Before we do that, let’s explore a few examples of where creative gets… lazy.
Norda—a Canadian outdoor brand— has been known to showcase imperfections and blemishes in its products, especially on paid ads.
And here we have Flux Footwear pull off a royal rip of what looks like a similar silhouette (among the other obvious elements like the plain backdrop, same logo placement, and a scuffed sole).
Or, how about the ALD-ification of models on warmed, plain backdrops.
A few thoughts.
I get why brands end up with dupes like this in their campaigns. Maybe it’s the founder or creative director telling their marketing team they “want it to look like this.”
Or maybe it’s that the internet has become horribly circular to the point that we’re all constantly being informed by and pulling from the same references without digesting having the education needed to carve one’s own path.
HAVING SAID THAT, this is why it’s as important as ever to trust photographers and creatives at large with your campaigns and shoots because ultimately, they hold the keys to driving differentiation in a sea of sameness.
Anyway, enough of the ranting.
Let’s explore ways you can drive differentiation in your photoshoots and campaigns, whether it lives on your website, through email, on social, or in print.
Six ways to upgrade your brand’s photography
1. Setting
First, consider the backdrop, scene, placement, location, or setting you’re in. Are you in a café, a house, on a hike, in a kitchen, in a library, etc?
Setting is the foundation.
So use it to drive the narrative, and from there, you can build on the action or movement that’s happening next. Here are some setting examples.
18east’s camping collection, staged on a building in NYC
Recent Chess Players campaign by Story MFG
On horseback with For Love and Lemons
2. Action and movement
Whether or not you use a recognizable setting, it’s important to show what action is happening the shot. I promise you there are a million ways to photograph a model outside of them standing in front of a white backdrop. No need to overthink it.
Is the model walking, folding laundry, eating, playing music, jumping?

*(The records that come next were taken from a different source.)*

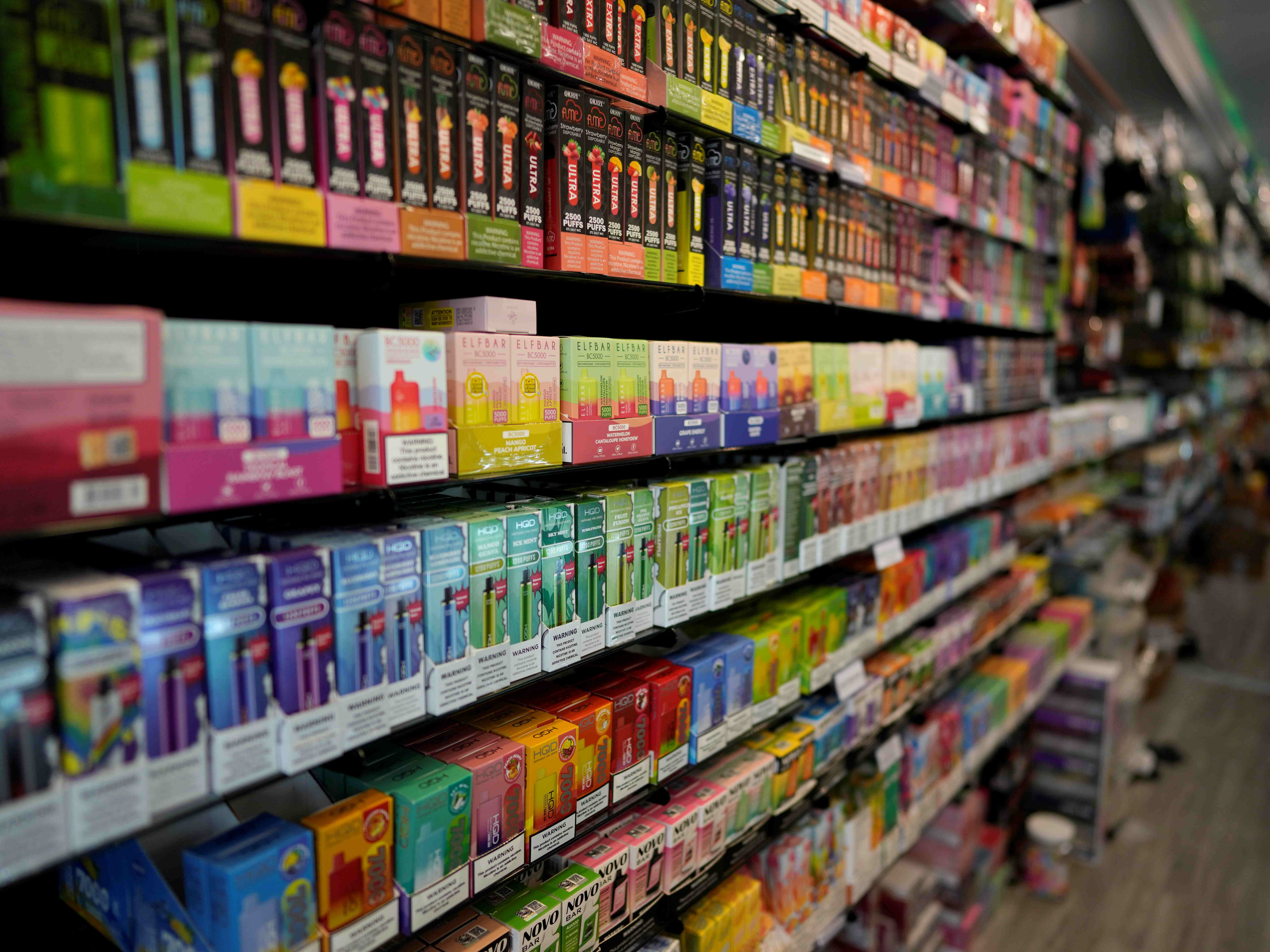 Tennessee Wants Nicotine Sellers to Get License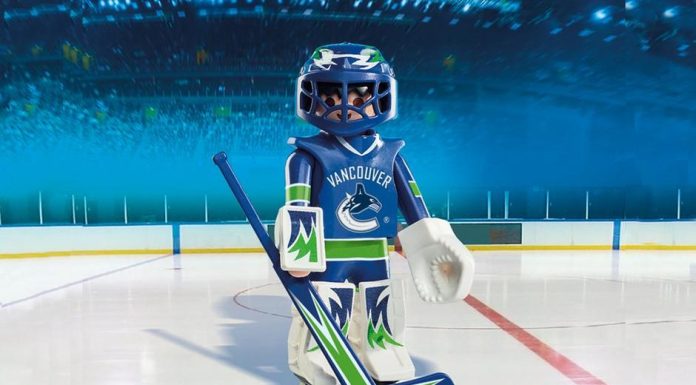 Playmobil USA Playmobil 9026 NHL® Vancouver Canucks® Goalie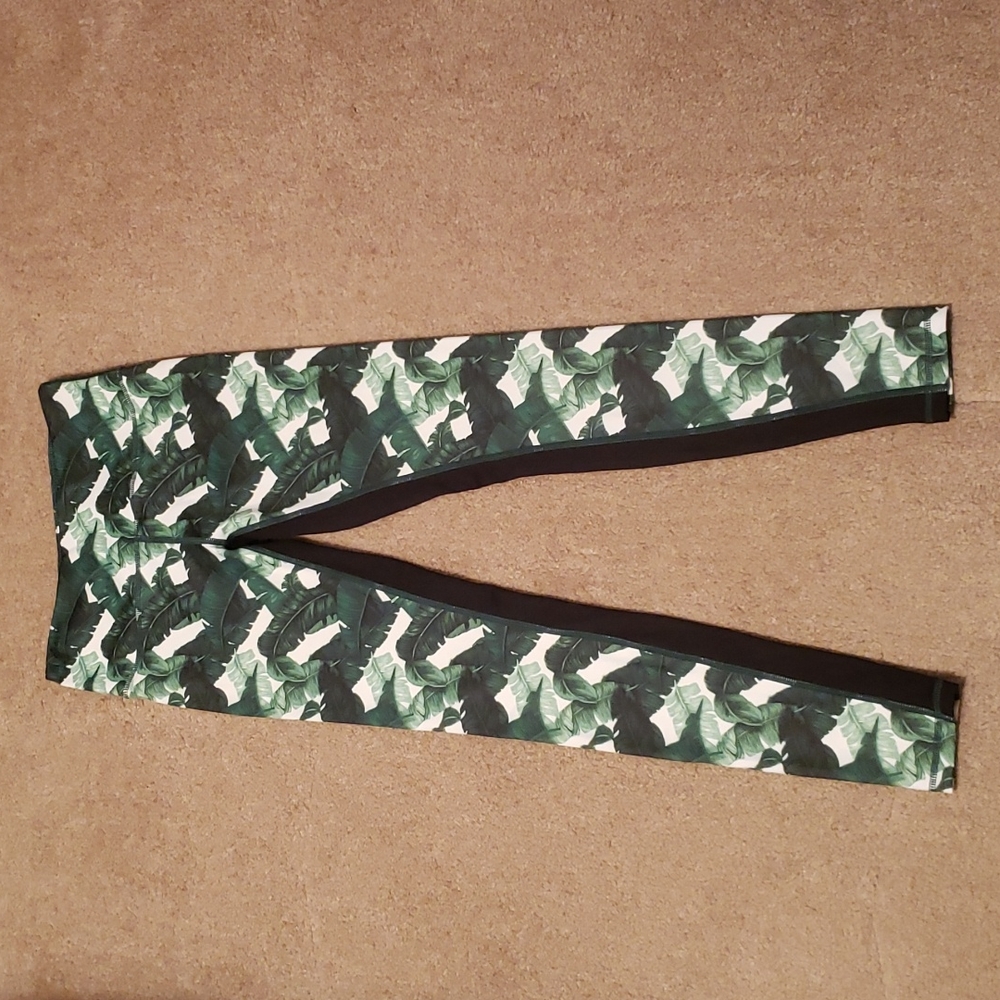 L'urv Women's Banana Leaf Print Leggings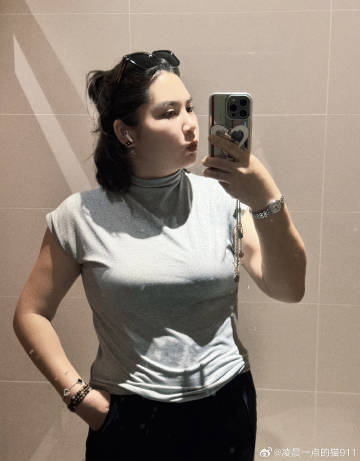 微胖少妇的温柔，是岁月给的底气。不争不抢，自有岁月打赏❤️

Studio shots by Husbands Paris
Gucci’s Off The Grid gardening campaign
3. Details
If you want to convey range within a product, a good idea is to focus on functional details, beyond what the fabric looks like.
Range of fit. Zippers. Technical details on accessories. All of this will add dimension to your photos.
Product lookbook by Adsum
Product lookbook by Adsum
4. Angles
Then there’s the angles you use, whether shooting from a perspective, using a particular lens, or just establishing a particular effect.
Hard to go wrong with a great overhead shot — this one from Eton x Fred Segal.
This from San San Gear is an excellent example of how to get creative in a studio space.
Photo by Lucas Monteiro
5. Edit
There’s the photos themselves, can you add subtle, or wild edits or touchups post-shoot that help you content stand out on feed?
Here’s an extreme example from Shushu Tong.
Or an impactful studio effect from Daily Paper.
Portrait by Rosanna Jones
6. Lighting
Lighting is always worth the consult with your photographer - do you want it natural, flash, an interesting effect… References that stand out in their unique ways below:
Unique light placement from Shushu Tong.
Or the way Libero uses natural mood lighting.
Banding Running campaign
Wrapping up
It doesn’t take much to think outside the box with photography. The goal, ultimately, is to have creative references that you can draw upon to build on and execute your own vision, not to blatantly or lazily rip others off.
Use any one of these six options for elevating photography. Sometimes all you need is a tweak.
In a future HYPER edition, we’ll talk about using brand storytelling to elevate with throughlines, lore, and deeper impact.
Until then…
Bonus content
Listen to Oren talk about influencer marketing, organic social for brands, and scaling content on DTC podcast ep 382.
HYPER REPORTS
Check out our market reports. We spend many, many hours researching markets, categories, and brands & products within the consumer space–all so that you don’t have to.
How to Source Blanks 101 — HERE A guide to finding and producing your own merch
Market reports on Running, Golf and Tennis — HERE A guide to each sport, the market opportunities, and how to launch your own brand
Inquiries? Shoot us a note here: [email protected]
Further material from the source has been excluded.